Exercise:
Set down the data below exactly; pictures stay out.

Dataset entries:
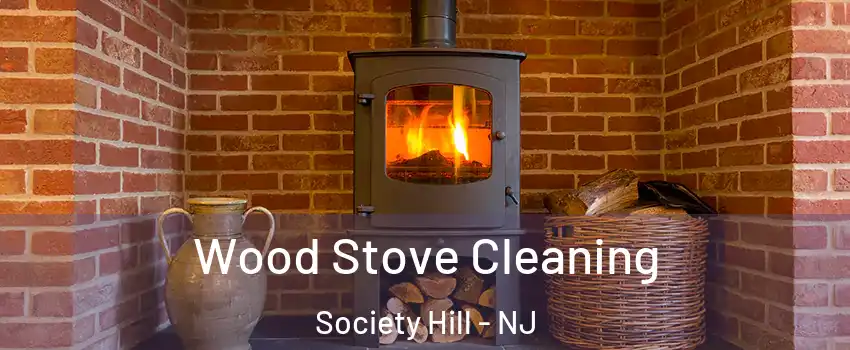Wood Stove Cleaning Society Hill - NJ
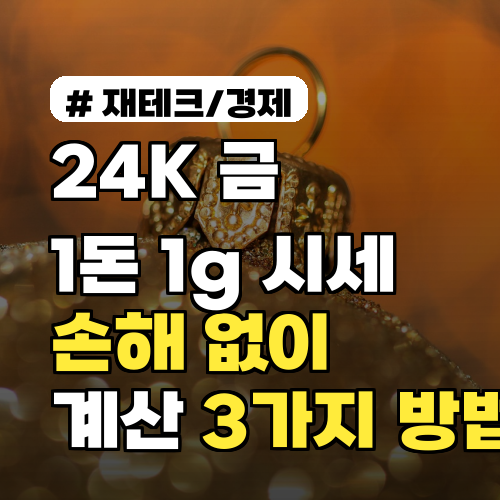 24K 금 1돈·1g 시세, 손해 없이 정확히 계산하는 3가지 방법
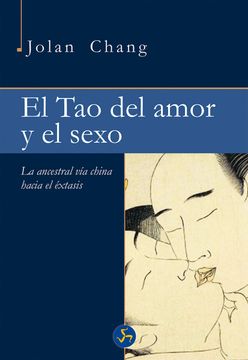 portada El tao del Amor y el Sexo: La Ancestral vía China Hacia el Éxtasis (in Spanish)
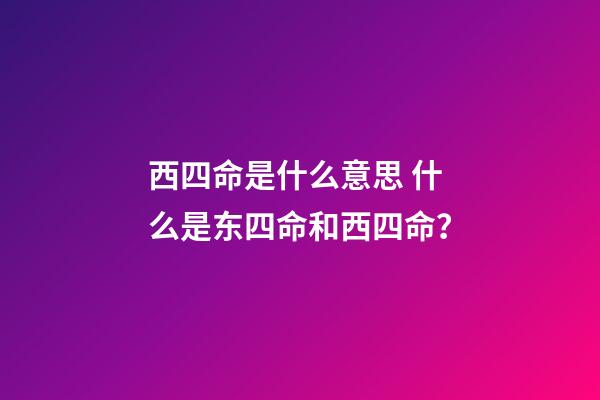 西四命是什么意思 什么是东四命和西四命？-第1张-观点-玄机派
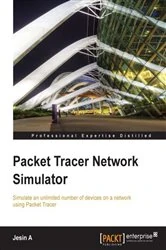 Book cover of Packet Tracer Network Simulator by Jesin A
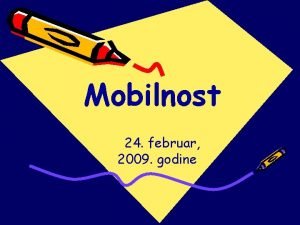 Mobilnost 24 februar 2009 godine Erasmus Mundus External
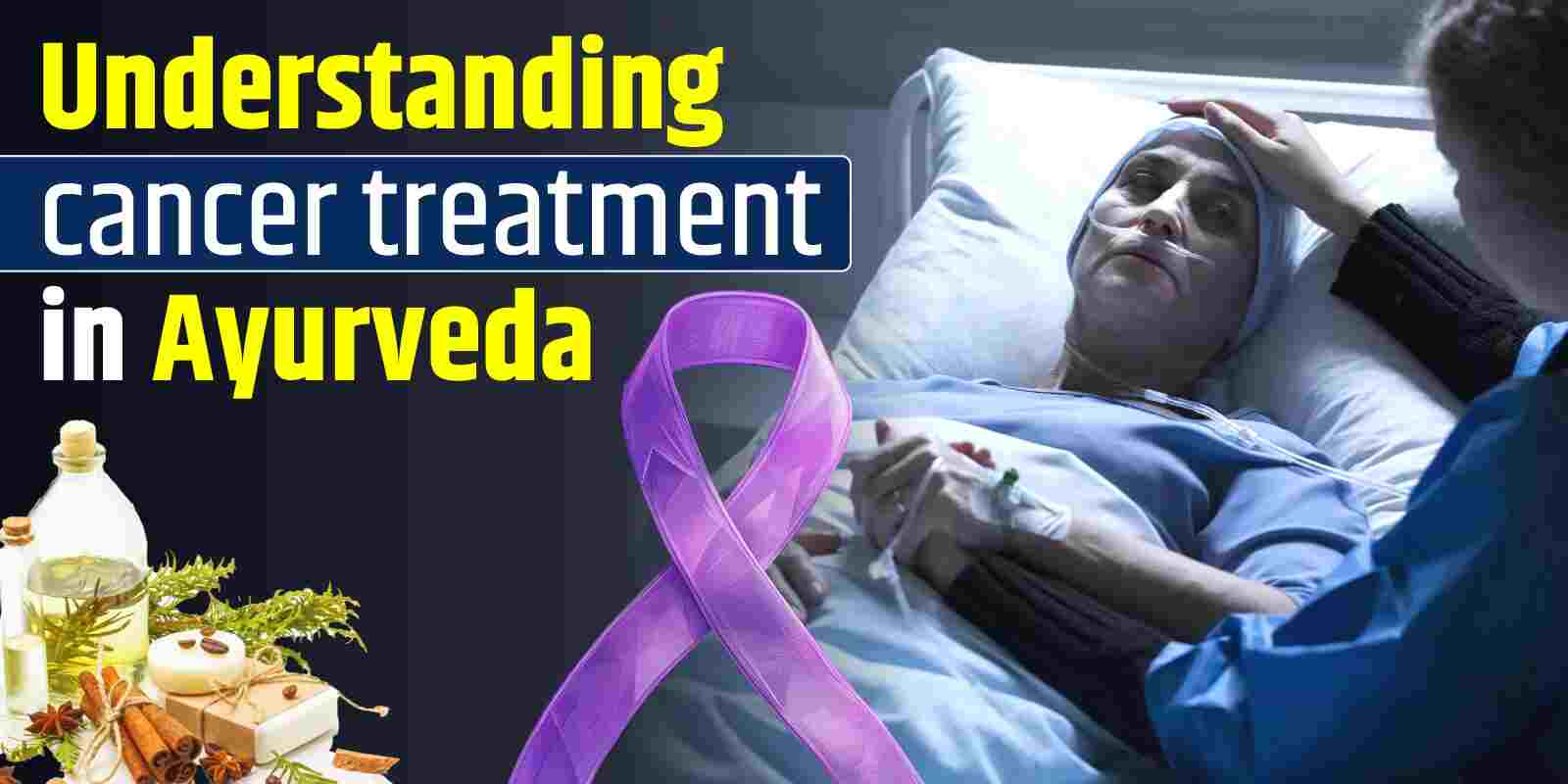 Understanding cancer treatment in Ayurveda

Answer area:
Wood Stove Cleaning Society Hill - NJ
 24K 금 1돈·1g 시세, 손해 없이 정확히 계산하는 3가지 방법
 portada El tao del Amor y el Sexo: La Ancestral vía China Hacia el Éxtasis (in Spanish)
 西四命是什么意思 什么是东四命和西四命？-第1张-观点-玄机派
 Book cover of Packet Tracer Network Simulator by Jesin A
 Mobilnost 24 februar 2009 godine Erasmus Mundus External
 Understanding cancer treatment in Ayurveda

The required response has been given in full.